Now that the Yankees are more than halfway through their schedule it is a good time to take a look at what has worked and what hasn't. This much is irrefutable: the team is good. The Yankees have the best record in baseball, and only Tampa Bay has outscored its opponents more. But not all the parts are moving at top speed. Today we take a brief look at the newest additions to the team, and grade their performances and the moves that brought them to the team.
Javier Vazquez: B+
Trading Melky Cabrera for Javy this offseason was the most important move the Yankees made over the winter, and remains the best of their offseason deals. After becoming the first team since the 1990 Minnesota Twins to win the World Series using only three starting pitchers, the Yankees and their fans knew that the team needed one more reliable starter. I advocated signing John Lackey, not because I like the man or his stuff, but because he was the only available solution -- or so I thought. Brian Cashman acquired Vazquez in a trade for nothing (Ed's. Note: I wouldn't go quite that far; Arodys Vizcaino was something like the team's 3rd-best prospect), really, and saved the team a ton of cash.

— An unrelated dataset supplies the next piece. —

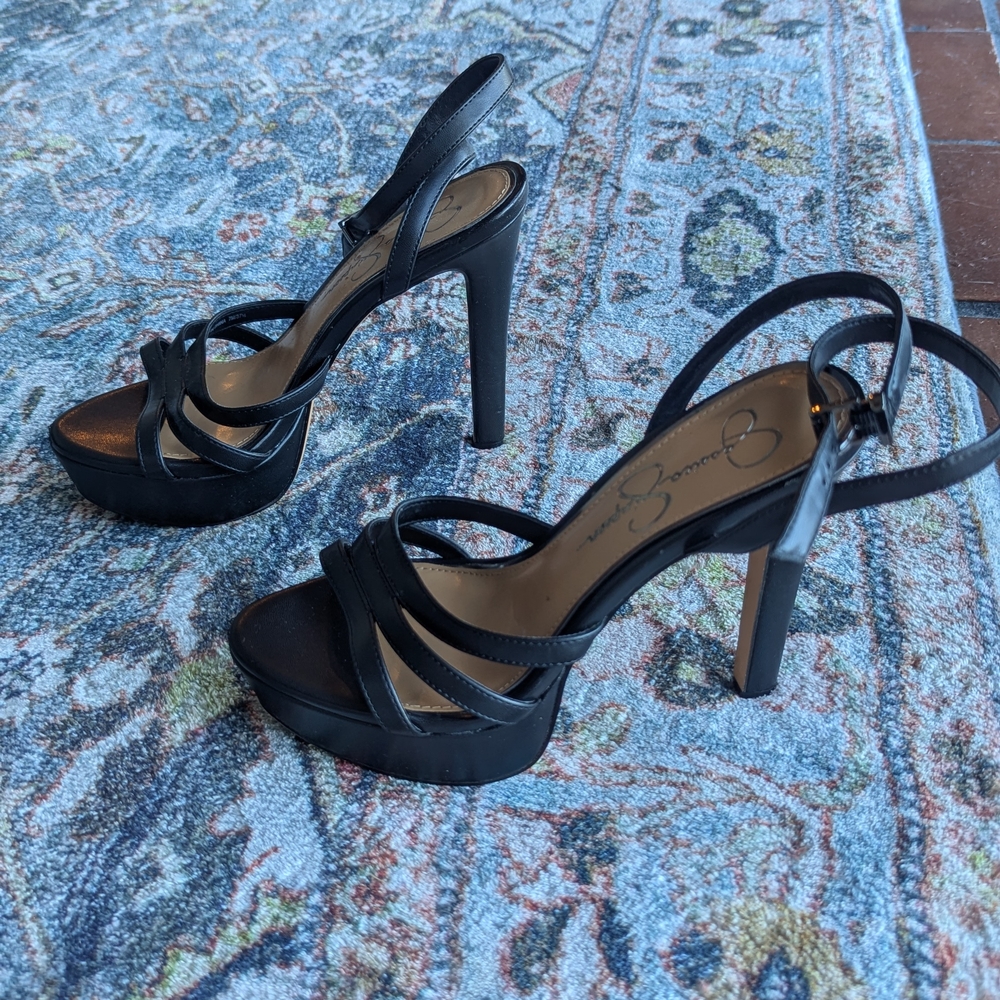 Jessica Simpson Black Platform Heels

The move has paid off on many levels. Despite an absolutely atrocious start to the season, Javy has gotten his numbers to respectability, posting an ERA of 4.81 (84 ERA+) and a WHIP of 1.26. Those compare favorably to Lackey's numbers (if we assume he was the alternative option) of an ERA of 4.40 (101 ERA+) and an awful 1.54 WHIP. Javy's numbers have gotten better each month of the season.
Vazquez also gives the Yankees money to play with this offseason. He's a free agent-to-be who is willing to play it one year at a time. Should Andy Pettitte decide to retire, Javy may be a suitable back of the rotation alternative, provided he performs down the stretch. He also represents a chunk of change the Yankees can throw at Cliff Lee. This is much better than having Lackey for a bunch of seasons at $18 million per year.

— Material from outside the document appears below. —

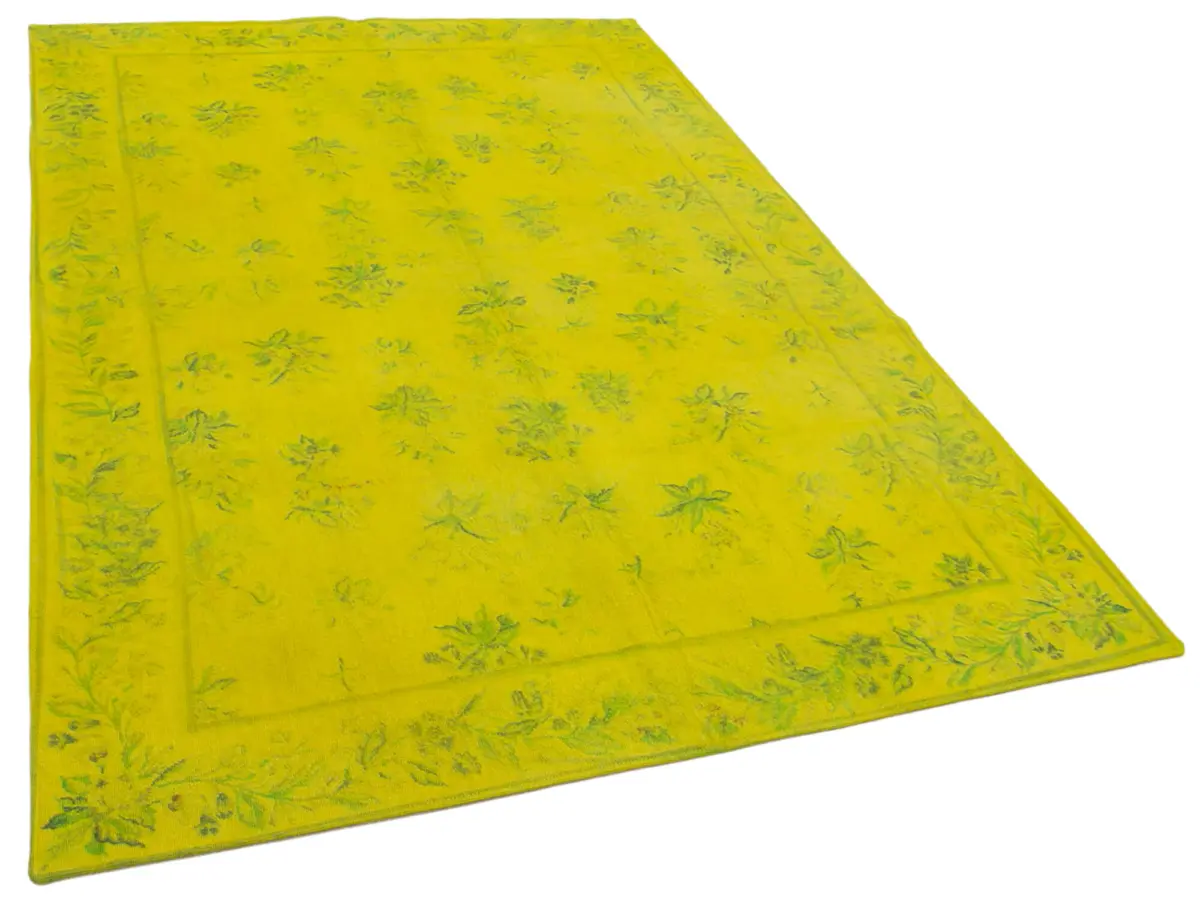 Needlepoint Sarı Pamuk Üzerine Yün El Dokuma Halı-165x252 - Görsel 2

Finally, and this is overlooked, bringing Vazquez on board opened up an every day spot for Brett Gardner. To say Brett has exceeded all expectations is an understatement, and he currently boasts a gaudy .380 wOBA. Melky, on the other hand, is putting up an anemic .285 wOBA in the Senior Circuit. He'd take playing time away from Brett -- who should've been an All-Star, in my opinion -- were he still with the team.

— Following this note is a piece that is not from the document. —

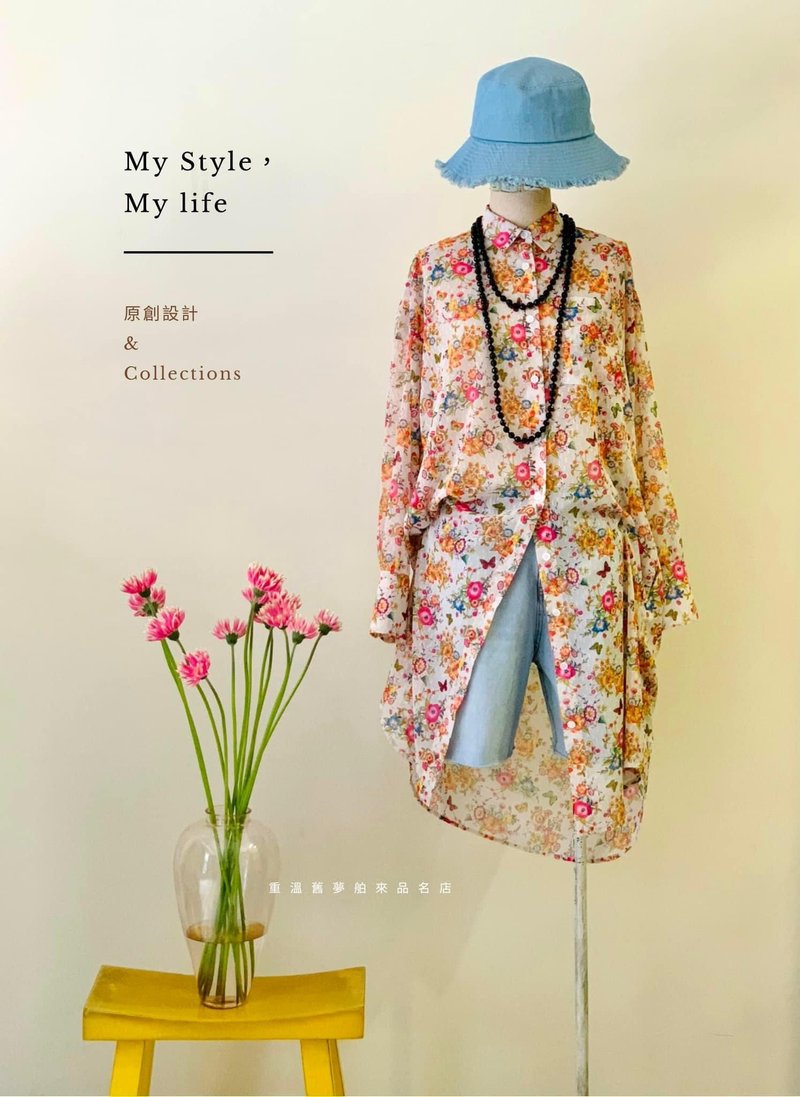 【MIZIHANA職人手作】法式提花長版襯衫 - 女襯衫 - 絲．絹 多色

All in all this was an excellent move. My instinct is to hold back on a higher grade until the season's end. Visions of Javy's April starts still haunt me, and bring down the grade. But, if Javy's numbers continue to improve and Gardner plays well in the 2nd half this midseason B+ could quickly become an A.
Curtis Granderson: C
So much promise, so little to show for it. Granderson is putting up a weak .318 wOBA. His strugges from last season (already a down year) have seemingly continued, as he is down in every offensive category. He's striking out more. He's walking less. Even his BABIP is down to .265 from .275 last season. His OBP is currently .305, which is awful.
When Cashman went out and got Granderson I thought he was bringing in a new fixture in Centerfield for the next few seasons. Now, I'm not so sure. Curtis' OPS+ is a below average 95, and his offensive production is probably worse than that when you consider his poor OBP.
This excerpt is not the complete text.